Трудно поверить, что режиссеру «Златых гор» Сергею Юткевичу, уже в те времена признанному мастеру кинематографического искусства, было всего двадцать пять лет. Столько же к выходу фильма на экран исполнилось автору этих строк. На год моложе нас был композитор Дмитрий Шостакович. Молоды были и оператор фильма Ж. Мартов, и актер Б. Пославский, на плечи которого легло создание центрального образа фильма — крестьянина Петра, и актер Б. Тенин, впервые променявший в этом фильме одежду эксцентрика на бытовую косоворотку рабочего парня.

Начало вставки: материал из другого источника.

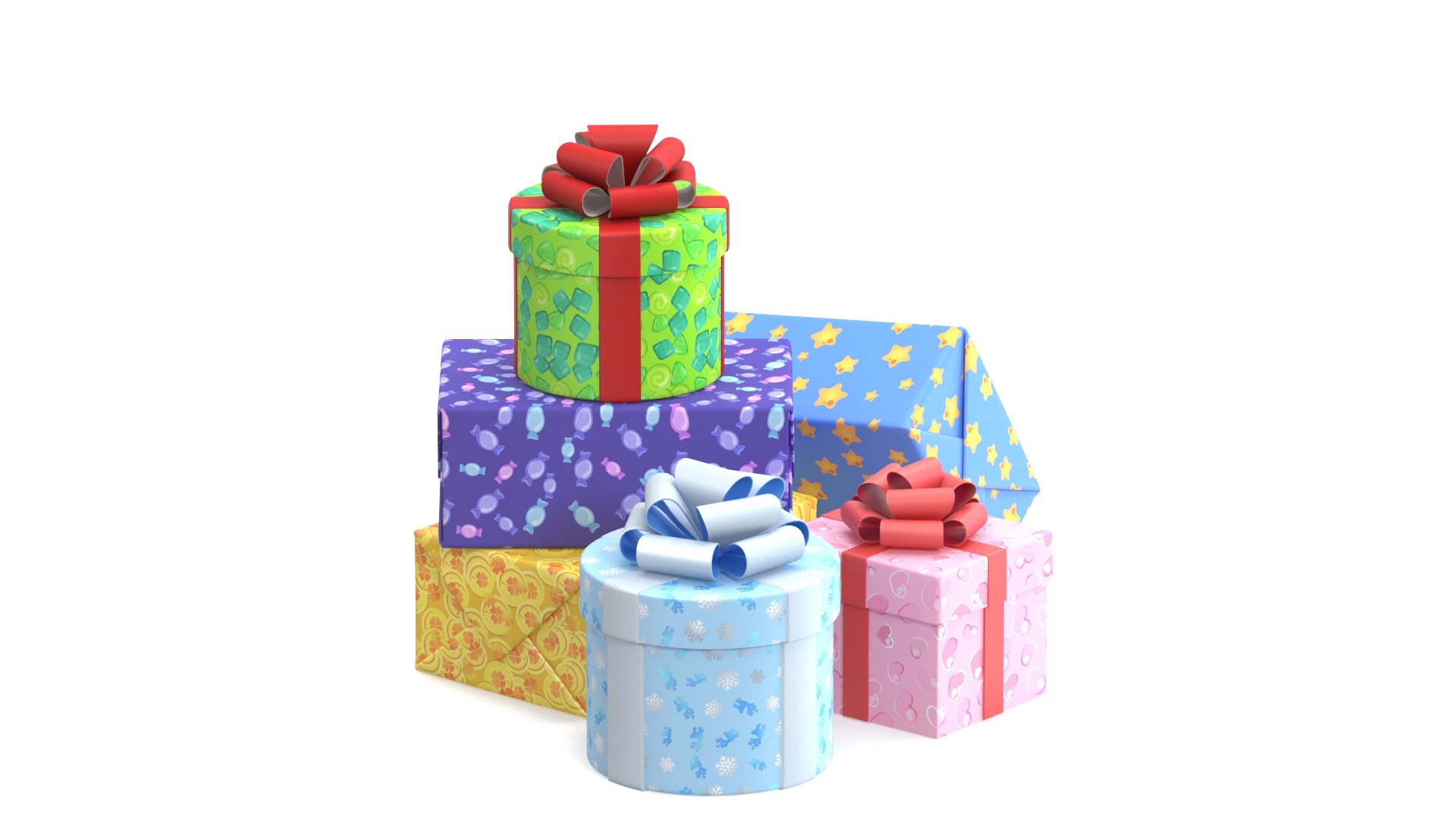Set of gifts 3D model https://p.turbosquid.com/ts-thumb/VI/7cvfAL/UX/2/jpg/1720103104/1920x1080/fit_q87/73cf2b28af319f1a7ecdef70902a9918835f39b2/2.jpg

Молоды были все! Но революция распахнула перед молодостью страны окна в широкий мир, и все мы чуть ли не детьми вступили во взрослую жизнь.
Вот почему к «Златым горам» мы все, несмотря на нашу молодость, пришли достаточно созревшими.

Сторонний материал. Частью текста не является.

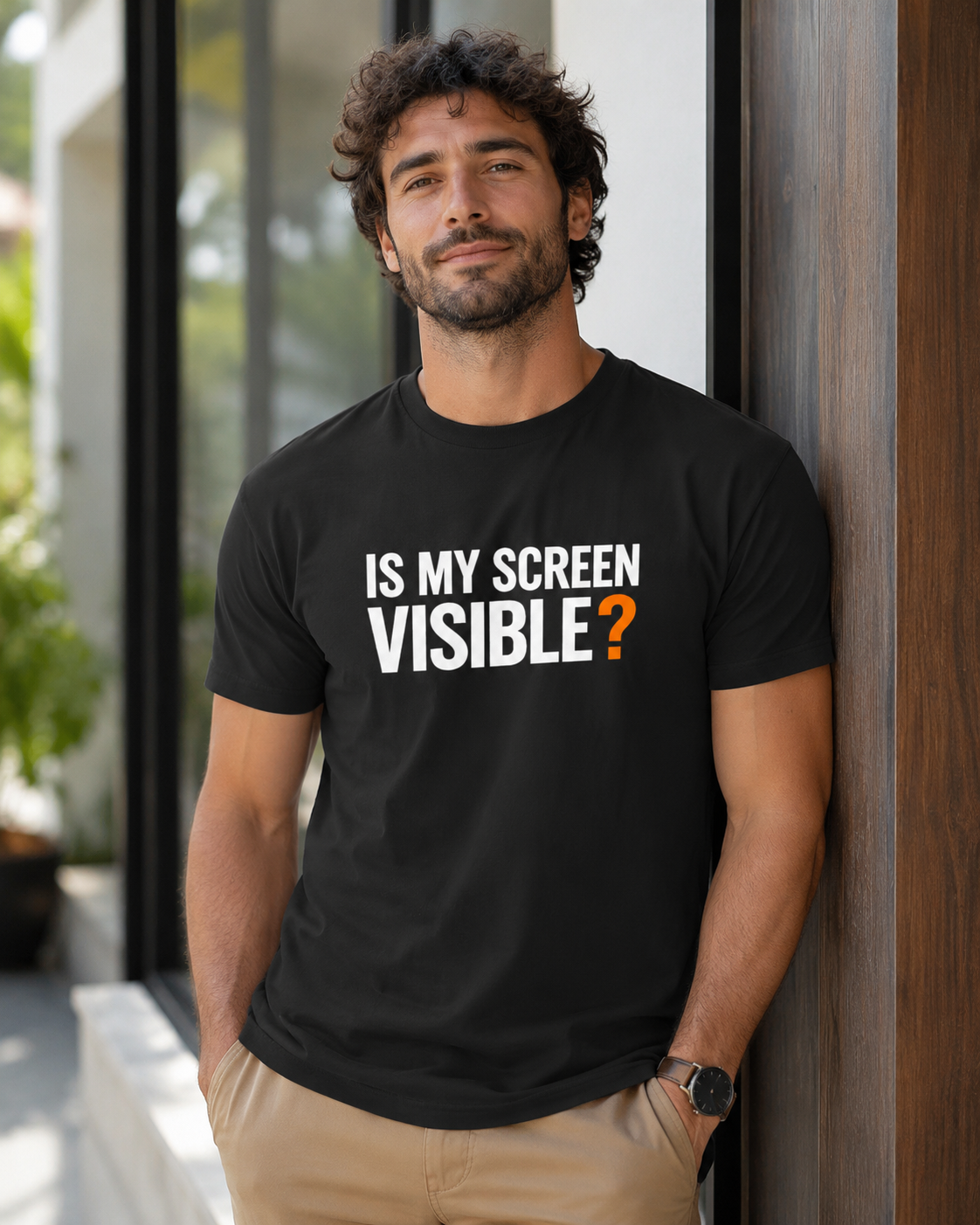 Is My Screen Visible?- Unisex Classic Crew T-Shirt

Однако молодость есть молодость! И ранняя зрелость наша не мешала молодому озорству, с каким мы принялись за не разведанное нами еще дело звукового кино.
Итак, встреча с Юткевичем, только что окончившим немой фильм «Счастливая улица», снятый им по сценарию А. Михайловского и В. Недоброво, и наше решение на базе немого фильма создать звуковые «Златые горы». ‹…›
…Какими же путями превратить немой фильм «Счастливая улица» в фильм звуковой? Вот задача, которую нам предстояло решить. Как это ни странно покажется нынче, решали мы ее полемически. Детство звукового кино протекало по двум основным направлениям. Первое было обусловлено даже специальной заявкой, которую подписали С. Эйзенштейн, В. Пудовкин и Г. Александров. Заявка эта, в сущности, защищала достижения пластического языка немого кино, и звук ее авторам представлялся лишь элементом, которым можно было обогатить действительно огромные достижения немой кинематографии. Звук, по мысли авторов декларации, не должен был быть синхронен, то есть однозначен смыслу происходящего на экране. Музыка, шумы, а иногда и слово (вторжения его на экран авторы более всего опасались!) должны были воссоздавать как бы второй смысловой ряд фильма.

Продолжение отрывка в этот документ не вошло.